Definition
Non-regulatory airspace surrounding designated Class C airspace airports wherein ATC provides radar service to participating IFR and VFR aircraft on a workload-permitting basis. The normal radius is 20 nautical miles from the primary Class C airspace airport, with vertical limits extending from the lower limits of radio/radar coverage up to the ceiling of the approach control's delegated airspace, excluding the Class C airspace itself and other airspace as appropriate.
Plain English
A ring of airspace around a Class C airport, beyond the charted Class C boundary, where controllers will still give you radar traffic separation and advisories if you ask for it and they have time. It's not required, and it's not drawn on charts.
Context Anchor
Seen in Class C airspace discussions, especially when learning what services approach control may provide beyond the charted Class C boundaries.
Why Pilots Care
Allows pilots to receive helpful ATC services near busy airports without the mandatory communication and equipment requirements that apply inside Class C airspace itself.
Grounding Statement
Picture the charted Class C airspace as the core area around the airport, with the Outer Area as a wider service zone around it where ATC can still help manage nearby traffic.
Intuition Check
Do not assume “Outer Area” means another layer of Class C airspace.

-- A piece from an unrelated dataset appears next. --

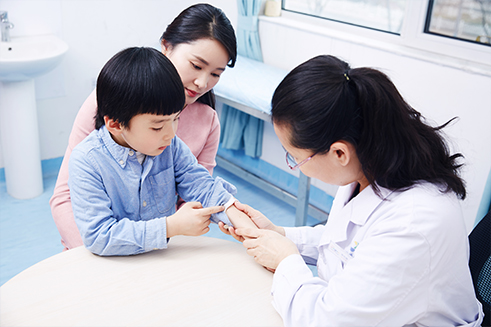 中國兒童實體瘤綜合治療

Here it means a surrounding ATC service area outside the charted Class C airspace, not an added required-entry area.
Example Sentence 1
About 18 miles out, approach started calling traffic for us — we were already in the Outer Area even though we hadn't reached the Class C shelf yet.
Example Sentence 2
Although participation is voluntary, many pilots monitor ATC in the outer area to receive safety alerts near the busy airport.